## Directions
Would you please repeat exactly the entries below, starting at the line with "吉利新能源成立科技子公司，拓展人工智能应用软件开发与信息系统集成服务" and ending at the line with "Trader vs Investor", and nothing outside that range? Leave out the pictures.

## Exercise materials
------------
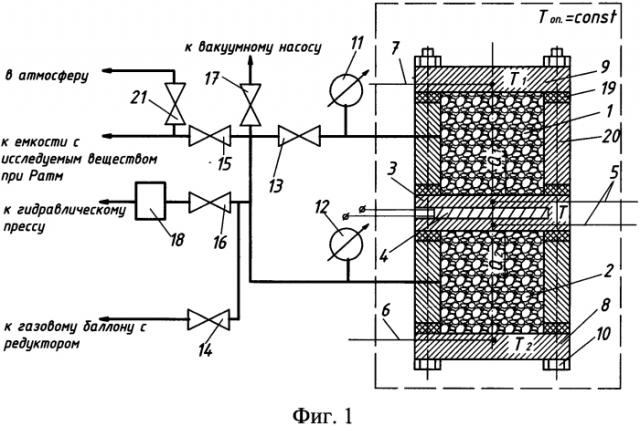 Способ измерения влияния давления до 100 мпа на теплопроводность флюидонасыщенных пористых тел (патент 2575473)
------------
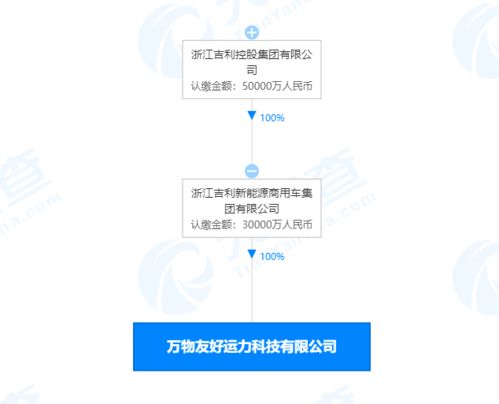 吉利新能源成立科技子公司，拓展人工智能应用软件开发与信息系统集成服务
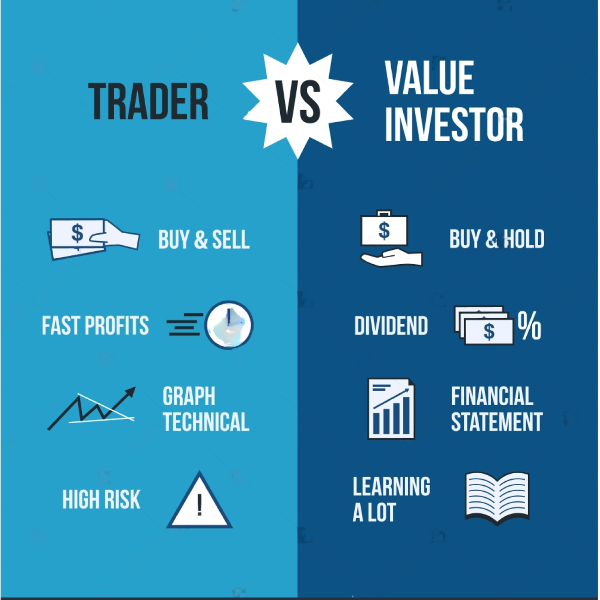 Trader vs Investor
------------
## Exercise result
 吉利新能源成立科技子公司，拓展人工智能应用软件开发与信息系统集成服务
 Trader vs Investor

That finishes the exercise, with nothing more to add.